Ramirez made headlines in the 1970s when she was a plaintiff in the national ACLU’s first lawsuit against a state sterilization program. She didn’t win but she didn’t give up, becoming a key player decades later in a similar fight in the North Carolina legislature.
Railey writes about his own struggles with the issue. His father, a lawyer, was friends with Terry Sanford, governor of North Carolina from 1961 to ’65, the period when Ramirez was sterilized.
After Nazi experiments on humans were discovered in the 1940s, many states backed away from their eugenics programs. But not North Carolina, which had one of the nation’s most aggressive programs. In the early 1960s, the N.C. Eugenics Board shifted its focus from the general population to black girls and women who were receiving welfare.
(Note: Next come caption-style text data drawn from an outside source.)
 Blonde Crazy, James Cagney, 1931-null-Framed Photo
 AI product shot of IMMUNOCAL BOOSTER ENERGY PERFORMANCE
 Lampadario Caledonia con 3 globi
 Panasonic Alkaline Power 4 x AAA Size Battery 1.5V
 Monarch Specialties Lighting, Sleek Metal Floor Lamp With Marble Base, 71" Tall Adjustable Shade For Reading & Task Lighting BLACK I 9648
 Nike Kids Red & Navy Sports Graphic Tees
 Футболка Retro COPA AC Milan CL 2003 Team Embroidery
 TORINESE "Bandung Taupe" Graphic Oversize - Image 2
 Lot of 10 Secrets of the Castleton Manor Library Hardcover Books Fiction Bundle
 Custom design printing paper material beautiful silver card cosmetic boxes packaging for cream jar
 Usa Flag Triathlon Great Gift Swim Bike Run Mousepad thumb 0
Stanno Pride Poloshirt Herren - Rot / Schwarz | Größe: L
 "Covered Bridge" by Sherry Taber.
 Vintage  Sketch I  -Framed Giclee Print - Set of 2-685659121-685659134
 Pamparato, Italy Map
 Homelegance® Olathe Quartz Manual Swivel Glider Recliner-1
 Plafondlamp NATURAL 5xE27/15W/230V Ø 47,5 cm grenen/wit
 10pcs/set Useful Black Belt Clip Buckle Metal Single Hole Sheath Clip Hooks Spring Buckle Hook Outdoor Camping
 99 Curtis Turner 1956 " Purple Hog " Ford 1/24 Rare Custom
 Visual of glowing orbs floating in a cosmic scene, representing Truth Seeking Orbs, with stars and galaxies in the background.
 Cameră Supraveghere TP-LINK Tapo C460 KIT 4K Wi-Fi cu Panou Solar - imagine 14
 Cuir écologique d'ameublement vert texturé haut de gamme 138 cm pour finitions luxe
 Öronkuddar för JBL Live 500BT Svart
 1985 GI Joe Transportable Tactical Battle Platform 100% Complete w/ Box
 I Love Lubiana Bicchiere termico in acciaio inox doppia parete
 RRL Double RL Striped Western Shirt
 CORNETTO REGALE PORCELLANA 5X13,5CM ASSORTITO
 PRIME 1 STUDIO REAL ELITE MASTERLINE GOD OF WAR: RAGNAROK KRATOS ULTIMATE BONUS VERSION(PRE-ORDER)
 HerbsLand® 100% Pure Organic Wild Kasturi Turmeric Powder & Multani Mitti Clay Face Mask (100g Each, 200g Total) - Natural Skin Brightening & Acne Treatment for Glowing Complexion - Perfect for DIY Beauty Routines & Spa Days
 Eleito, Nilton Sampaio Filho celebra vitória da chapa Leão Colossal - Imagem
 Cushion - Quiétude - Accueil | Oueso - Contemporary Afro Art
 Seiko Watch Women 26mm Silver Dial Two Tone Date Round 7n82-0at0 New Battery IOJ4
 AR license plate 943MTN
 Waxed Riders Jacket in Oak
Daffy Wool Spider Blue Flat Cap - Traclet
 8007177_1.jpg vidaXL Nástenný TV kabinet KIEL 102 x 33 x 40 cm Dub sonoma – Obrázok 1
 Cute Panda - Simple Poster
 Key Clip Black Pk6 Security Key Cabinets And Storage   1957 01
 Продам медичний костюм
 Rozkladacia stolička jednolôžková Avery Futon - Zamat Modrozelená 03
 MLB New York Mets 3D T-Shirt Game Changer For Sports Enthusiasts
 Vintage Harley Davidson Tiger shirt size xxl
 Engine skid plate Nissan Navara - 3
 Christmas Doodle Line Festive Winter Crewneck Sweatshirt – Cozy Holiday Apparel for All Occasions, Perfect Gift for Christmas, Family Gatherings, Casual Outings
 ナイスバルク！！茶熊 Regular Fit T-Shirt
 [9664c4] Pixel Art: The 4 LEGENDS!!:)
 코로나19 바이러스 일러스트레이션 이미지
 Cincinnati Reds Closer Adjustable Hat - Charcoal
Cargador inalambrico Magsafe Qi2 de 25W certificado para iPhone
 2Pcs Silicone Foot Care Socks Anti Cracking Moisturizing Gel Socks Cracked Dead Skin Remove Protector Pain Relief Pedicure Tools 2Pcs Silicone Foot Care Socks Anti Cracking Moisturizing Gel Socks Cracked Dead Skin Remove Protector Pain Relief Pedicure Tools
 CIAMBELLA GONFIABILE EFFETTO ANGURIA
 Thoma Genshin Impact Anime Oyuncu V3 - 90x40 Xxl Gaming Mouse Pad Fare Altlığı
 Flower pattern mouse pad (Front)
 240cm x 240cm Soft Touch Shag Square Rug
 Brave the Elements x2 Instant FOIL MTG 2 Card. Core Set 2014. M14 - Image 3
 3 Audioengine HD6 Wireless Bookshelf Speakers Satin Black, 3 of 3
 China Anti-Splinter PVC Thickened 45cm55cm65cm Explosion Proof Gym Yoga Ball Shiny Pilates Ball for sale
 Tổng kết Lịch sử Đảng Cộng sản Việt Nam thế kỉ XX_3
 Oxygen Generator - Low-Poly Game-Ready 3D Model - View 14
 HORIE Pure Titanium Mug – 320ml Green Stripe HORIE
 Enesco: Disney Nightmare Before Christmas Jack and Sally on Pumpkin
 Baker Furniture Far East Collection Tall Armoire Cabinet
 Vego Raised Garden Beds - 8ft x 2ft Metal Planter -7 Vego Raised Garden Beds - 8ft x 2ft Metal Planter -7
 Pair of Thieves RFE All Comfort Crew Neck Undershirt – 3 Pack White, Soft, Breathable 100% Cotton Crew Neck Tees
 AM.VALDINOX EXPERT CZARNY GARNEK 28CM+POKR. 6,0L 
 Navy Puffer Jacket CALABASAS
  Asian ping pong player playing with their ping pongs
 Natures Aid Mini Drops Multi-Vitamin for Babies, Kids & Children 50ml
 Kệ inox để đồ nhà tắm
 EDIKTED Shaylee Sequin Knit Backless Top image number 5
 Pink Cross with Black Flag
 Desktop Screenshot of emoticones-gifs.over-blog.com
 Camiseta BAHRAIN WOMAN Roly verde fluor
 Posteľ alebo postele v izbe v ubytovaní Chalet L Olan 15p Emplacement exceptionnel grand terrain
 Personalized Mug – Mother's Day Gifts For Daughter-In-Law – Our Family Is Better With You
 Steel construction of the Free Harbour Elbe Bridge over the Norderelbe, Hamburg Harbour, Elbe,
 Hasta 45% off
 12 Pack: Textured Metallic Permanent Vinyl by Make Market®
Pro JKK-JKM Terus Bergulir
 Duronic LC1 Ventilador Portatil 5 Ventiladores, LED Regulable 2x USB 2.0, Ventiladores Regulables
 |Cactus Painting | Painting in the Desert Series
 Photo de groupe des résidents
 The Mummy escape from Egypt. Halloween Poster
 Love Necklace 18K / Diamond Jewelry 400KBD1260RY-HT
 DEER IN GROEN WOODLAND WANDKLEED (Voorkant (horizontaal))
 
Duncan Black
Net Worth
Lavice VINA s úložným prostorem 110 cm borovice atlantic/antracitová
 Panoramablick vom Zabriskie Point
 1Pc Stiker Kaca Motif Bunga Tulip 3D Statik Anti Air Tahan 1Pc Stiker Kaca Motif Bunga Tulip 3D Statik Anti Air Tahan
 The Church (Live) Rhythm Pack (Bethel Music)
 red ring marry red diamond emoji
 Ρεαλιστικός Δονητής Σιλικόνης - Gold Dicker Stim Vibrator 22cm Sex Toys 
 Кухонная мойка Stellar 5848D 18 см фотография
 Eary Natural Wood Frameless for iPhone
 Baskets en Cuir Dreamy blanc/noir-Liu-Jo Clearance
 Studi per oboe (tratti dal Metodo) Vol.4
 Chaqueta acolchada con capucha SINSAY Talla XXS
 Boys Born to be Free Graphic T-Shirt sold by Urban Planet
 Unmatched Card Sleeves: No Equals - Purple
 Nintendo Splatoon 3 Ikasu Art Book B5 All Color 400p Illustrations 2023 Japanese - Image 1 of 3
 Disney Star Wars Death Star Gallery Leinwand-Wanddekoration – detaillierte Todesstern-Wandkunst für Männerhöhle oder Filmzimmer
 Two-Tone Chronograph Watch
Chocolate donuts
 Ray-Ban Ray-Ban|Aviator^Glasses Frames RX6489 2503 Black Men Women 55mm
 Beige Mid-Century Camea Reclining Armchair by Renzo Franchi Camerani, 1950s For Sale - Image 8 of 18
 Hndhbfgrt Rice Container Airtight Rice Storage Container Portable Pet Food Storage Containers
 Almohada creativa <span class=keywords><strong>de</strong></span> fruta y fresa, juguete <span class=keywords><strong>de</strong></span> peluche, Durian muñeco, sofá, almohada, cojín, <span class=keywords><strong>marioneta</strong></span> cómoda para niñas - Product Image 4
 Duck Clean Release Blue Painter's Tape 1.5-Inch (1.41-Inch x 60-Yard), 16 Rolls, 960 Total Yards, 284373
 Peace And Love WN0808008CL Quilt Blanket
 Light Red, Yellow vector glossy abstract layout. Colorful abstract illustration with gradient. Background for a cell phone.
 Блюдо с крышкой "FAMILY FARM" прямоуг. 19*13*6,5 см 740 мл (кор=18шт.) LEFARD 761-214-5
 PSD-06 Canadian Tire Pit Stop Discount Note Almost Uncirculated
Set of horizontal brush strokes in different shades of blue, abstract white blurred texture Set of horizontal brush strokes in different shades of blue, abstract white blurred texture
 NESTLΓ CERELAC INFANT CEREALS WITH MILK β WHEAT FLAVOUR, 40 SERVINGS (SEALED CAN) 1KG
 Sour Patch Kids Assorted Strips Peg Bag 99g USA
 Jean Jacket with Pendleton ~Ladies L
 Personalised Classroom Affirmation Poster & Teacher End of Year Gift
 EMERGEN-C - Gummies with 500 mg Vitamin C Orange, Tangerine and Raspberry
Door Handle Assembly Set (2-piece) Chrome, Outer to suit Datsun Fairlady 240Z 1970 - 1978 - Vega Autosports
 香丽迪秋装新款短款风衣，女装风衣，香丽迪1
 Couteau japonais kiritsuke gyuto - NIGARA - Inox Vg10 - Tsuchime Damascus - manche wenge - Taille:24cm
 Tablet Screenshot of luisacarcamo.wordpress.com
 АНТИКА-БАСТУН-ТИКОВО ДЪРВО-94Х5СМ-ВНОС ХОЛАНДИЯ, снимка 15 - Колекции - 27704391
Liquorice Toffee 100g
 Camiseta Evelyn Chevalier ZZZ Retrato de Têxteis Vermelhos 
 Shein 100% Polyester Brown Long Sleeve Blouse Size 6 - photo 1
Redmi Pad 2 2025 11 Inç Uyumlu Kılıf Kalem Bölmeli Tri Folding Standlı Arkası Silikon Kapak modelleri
Railey admired Gov. Sanford, who courageously advocated for civil rights for African-Americans. He wanted to determine if Sanford had known about the work of the Eugenics Board. “I didn’t want to find out that Terry knew anything about it,” Railey told me recently.
Railey never found that Sanford wrote or spoke about the eugenics program. But he did find a two-year report from the N.C. Eugenics Board to Gov. Sanford. Railey concludes that Sanford knew about the program.
“Terry’s record (as governor) will live for the ages,” Railey said. “But for whatever reason, he didn’t see this. Even great leaders can’t see things.”
Master at PR
The Eugenics Board ran an effective public relations campaign that went unquestioned by the state’s newspapers, including The News & Observer. “We cannot make a better world if we deliberately give our substance to subsidizing the production of the least worthy stock among men,” The N&O wrote in a 1935 editorial, which the Eugenics Board republished.
From time to time, newspapers wrote favorable stories and editorials about the program. “The Eugenics Board was a master at PR,” Railey said. “The general public vaguely knew about it but not the inner workings.” In reviewing the history of the program, no one looks good, Railey said.
North Carolina in 2013 became the first state to compensate eugenics victims. Those who were sterilized by order of the Eugenics Board could get up to $50,000 each. That effort was led by then-House Speaker Thom Tillis, now in the U.S. Senate. “We disagreed on most things,” Railey said, “but his commitment to that was real.”